An idol may take the form of a construct named like a principle but set up for the antithetical purpose of granting its priesthood unspecified latitude. This is the case with equity (the sociopolitical term of art) versus equality. A commitment to equality hems you in with standards and definite tasks. A commitment to equity turns you loose in a political toyshop. Adherents of equality may admit a need for certain pragmatic steps to offset disadvantages, but adherents of equity will admit nothing. Why should they, if they've got one of the gods of social justice on their side? To the principled question, At what point will equity have been attained?, the partisan reply is always going to be, "We’ll let you know."

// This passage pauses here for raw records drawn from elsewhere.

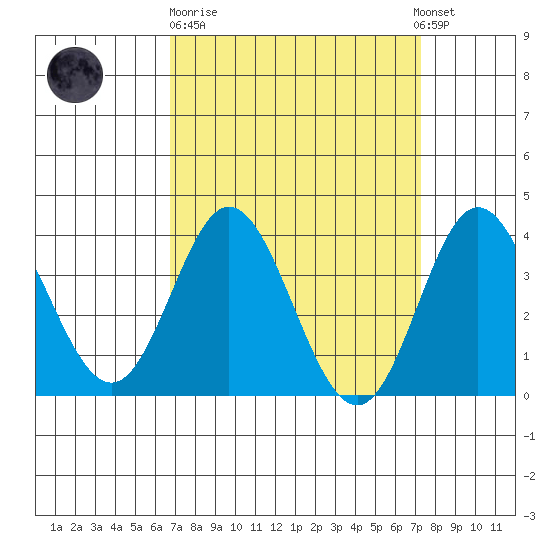 San Nicolas Island tide chart for Thursday, March 31, 2022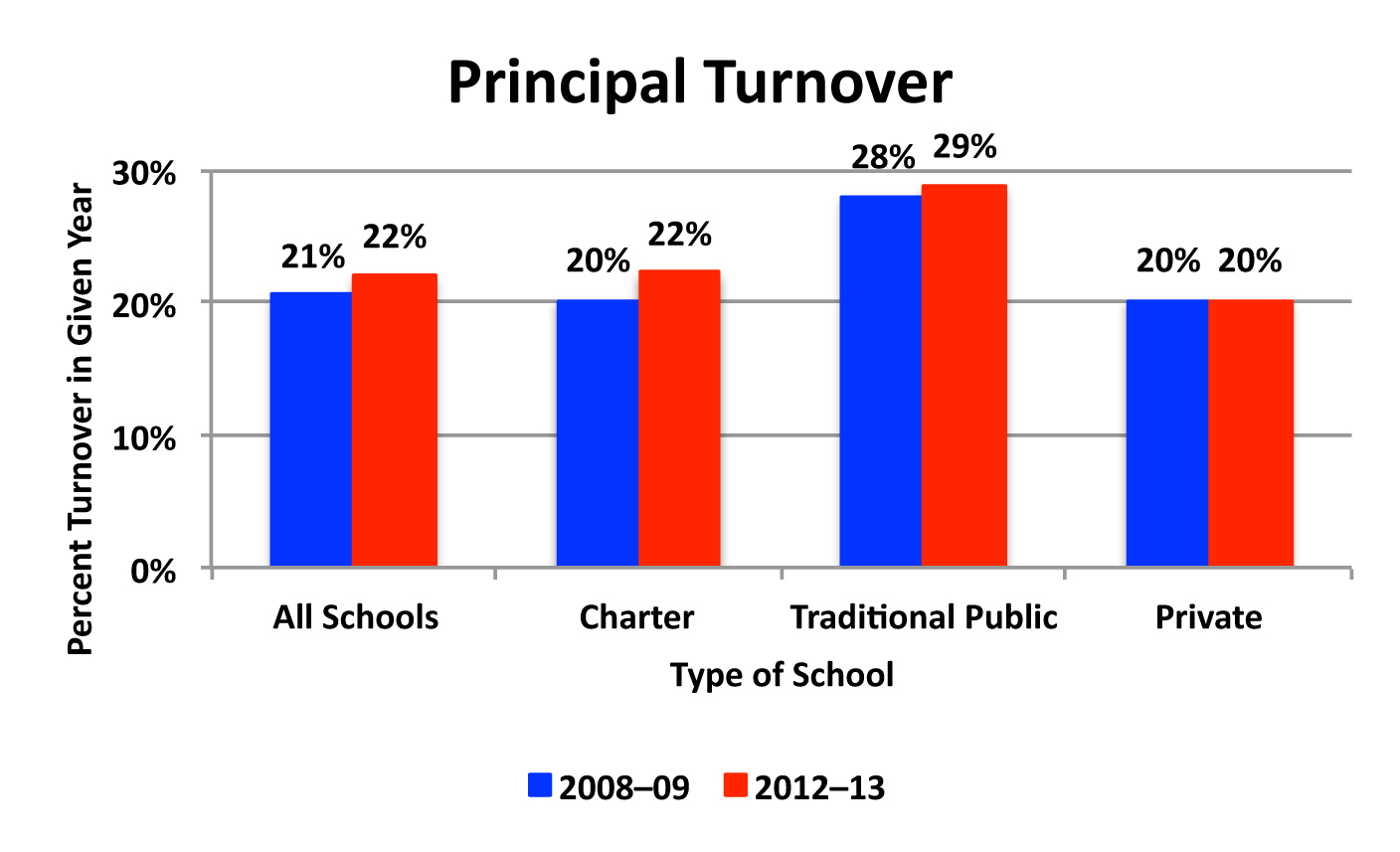 social worker turnover rate
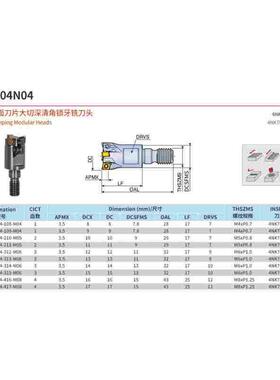 锁牙式快进给铣牙头 4N-TE90 特固克款装4NKT04/4NKT06刀片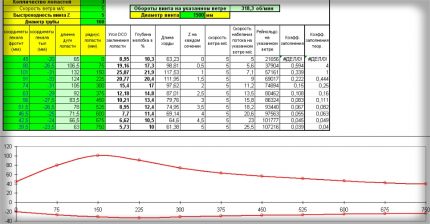 Skim baling-baling tiga bilah PVC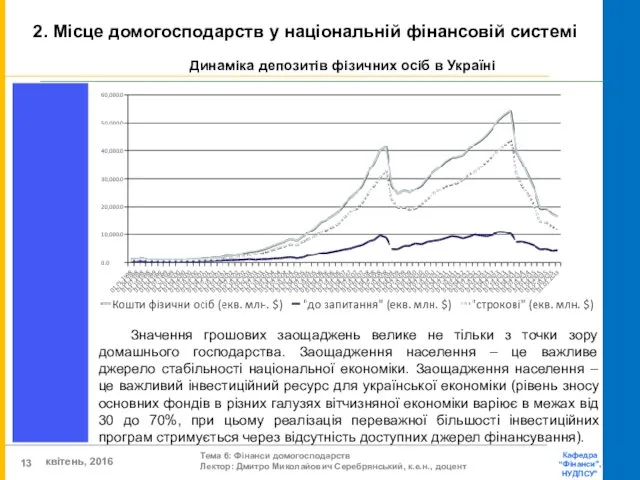 2. Місце домогосподарств у національній фінансовій системі Динаміка депозитів фізичних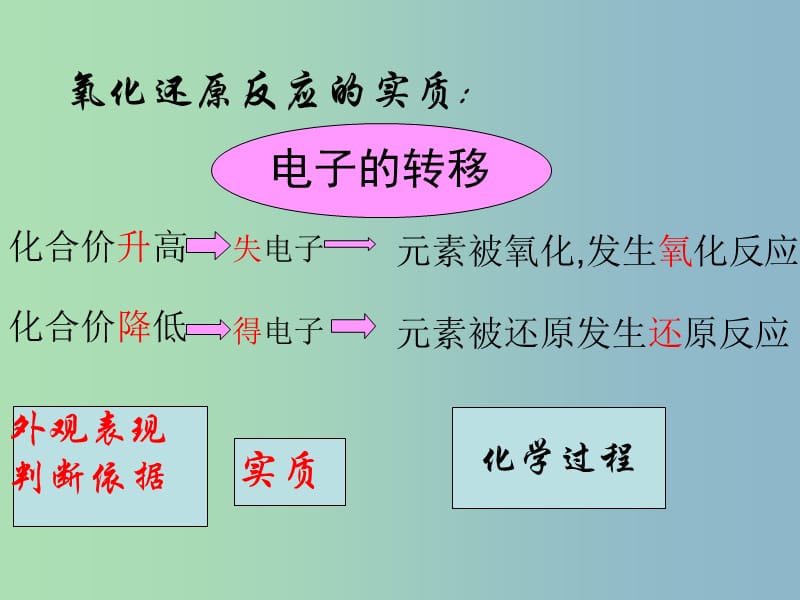 高中化学《氧化剂和还原剂》课件 鲁科版必修1.ppt_第3页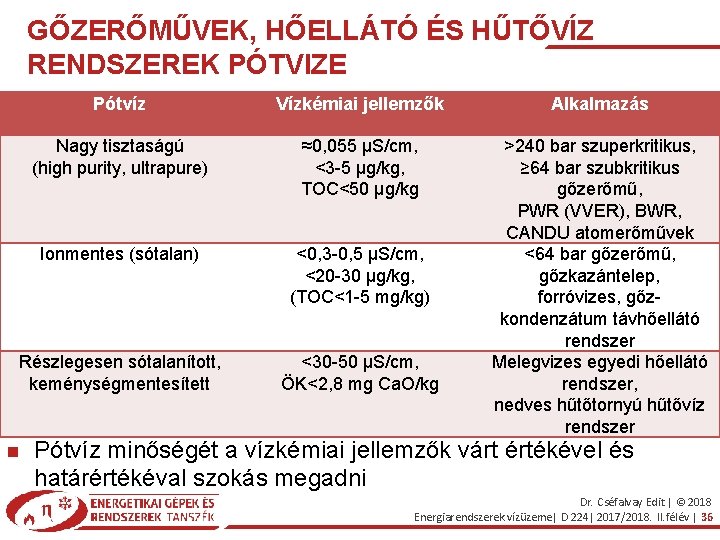 GŐZERŐMŰVEK, HŐELLÁTÓ ÉS HŰTŐVÍZ RENDSZEREK PÓTVIZE Pótvíz Vízkémiai jellemzők Alkalmazás Nagy tisztaságú (high purity,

Two words commonly conjoined with equitydiversity and inclusivity (or inclusion) — take partisan wordplay further. Whereas equity is a usefully vague replacement for another word, diversity and inclusivity are cases of redefinition. Partisan usage narrows the definition of diversity by reducing its referents to mostly biological identity groups and treating any demand for diversity of worldview or political inclination as counter-revolutionary mischief. The redefinition of inclusivity is a bold inversion of the straightforward meaning, openness to all as on a commons where people of every description can mingle on equal terms. Here, inclusivity means partisan displacement; a game of musical chairs managed so as to shunt some participants to the sidelines while seating others in politically secure positions. As to the inversion of anti-racism, plenty has already been written.

The Republican Party once seemed to be all head and no heart. Now it's nothing but viscera. However, to say that Republicans have changed would miss the mark. They haven't changed so much as they’ve undergone a great replacement. The patrician skinflints who long employed the powers of social darkness as electoral muscle are now reduced to dining elbow-to-elbow with those powers, glumly staring into their soup while the rafters ring with indecent banter. By and by they creep away, taking their principles with them. Obstreperous upstarts, bringing only partisan energy, move in. This is how the party changes.

Worst, at the bar of history, is the fate of those old-school politicians who've acquired more power than they can walk away from. Consider the case of Mitch McConnell, Senate Majority Leader during the presidency of Donald Trump, who nearly distinguished himself at the end of that sordid chapter by orating against Trump’s insurrectionist offenses from the Senate floor, first on January 18, 2021, and again, even more forcefully, on February 13. In the meantime, however, he had found a rationale for saying "not guilty" in the selfsame voice and leading his Republican majority to acquit Trump of those offenses in an impeachment trial. If there's anything more ignominious than to surrender your principles outright, it's to make a stirring show of them while surrendering them as an aside.

Such is the open indifference to principles in American political life today. It exists on both sides of the left-right divide, much to the disgust of the middle. However, scorn for the very principle of bowing to principle is especially an ace in the hole of activists on the cultural left.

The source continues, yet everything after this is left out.